At best, we know what the Fed thought back then. More realistically, we know what the Fed wanted us to believe back then. That may be different that what they really did believe.

Even if we assume the minutes accurately reflect the overall Fed sentiment on March 21, is the Fed's assessment unchanged?

Since then we have had numerous economic reports. Retail spending has declined three months in a row. The Atlanta Fed GDPNow model has real final spending, the true bottom line measure of GDP at 0.9%.

The threats of trade wars and real wars are unfortunately very real. Global economic growth estimates are falling.

Related Ideas

Value Zero

There is no value in deciphering what the Fed may have wanted us to know about events three weeks old. Our interpretations may be wrong and their beliefs may have changed.

Mike "Mish" Shedlock

Comments (3)
No. 1-3
killben
killben

Who foots the bill for these meetings? The tax-payers. In short, we pay the Fed participants (in addition to salary mind you) to meet, sprout some non-sense, as if they know and understand what is happening (that they do not was clear way back in 2007/2008), release the minutes and go snooze. The only thing we know that they know is this...

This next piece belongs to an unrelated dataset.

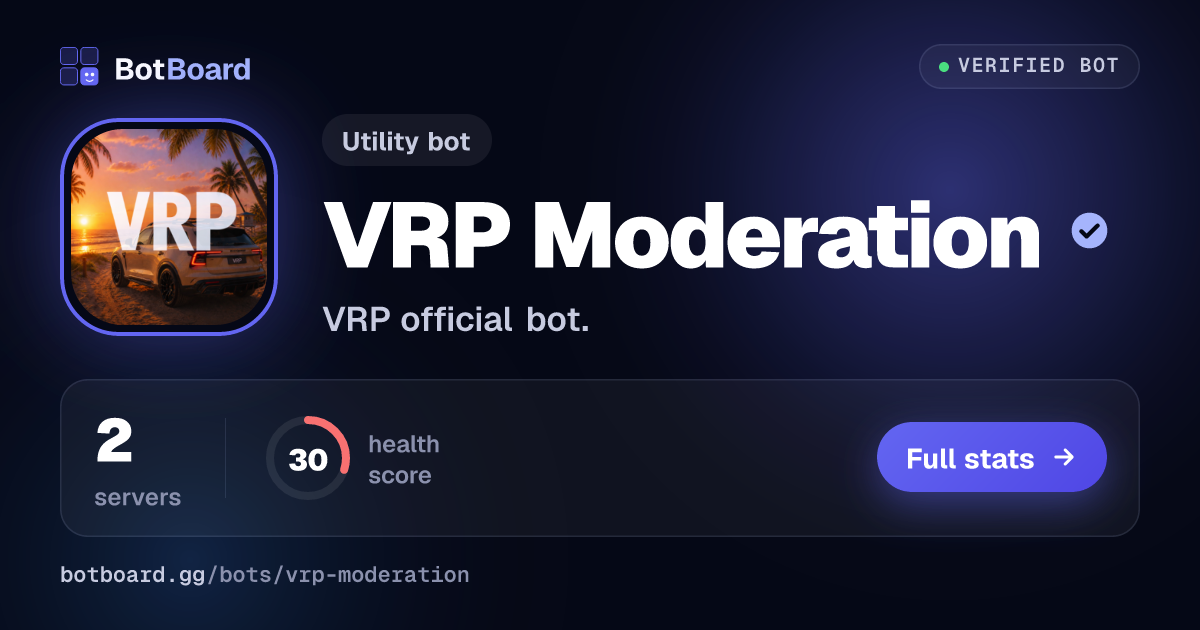 Share card for VRP Moderation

  1. If market falls, they will come talking about QE (e.g. Bullard a few years back)
  2. If market falls some more, they will say no rate hikes
  3. If markets crash, they will do QE, provide free money to banks and cut interest rates.

Waste of tax-payers money. I think we should hold them accountable to how they spend the tax-payers money.

Tengen
Tengen

You guys are too hard on the Fed! Besides teaching us all about stroke symptoms during speeches, they wield the power to keep seldom used words like "conundrum" and "bazooka" in the American lexicon. That alone is worth destroying the living standards of the bottom 95-99% of the national population. Sure, they complain that they can't see anything coming until it actually happens, but we're lucky to have them!

RonJ
RonJ

All this and more, for a 2% inflation target. From 1980, how long did it take for the FED to get from double digit inflation, down to 2% inflation? How long from 2009, to get up to 2% official inflation? The Fed sets it sight on targets it can't maintain. 8 years to get to so-called full employment, just about in time for another recession.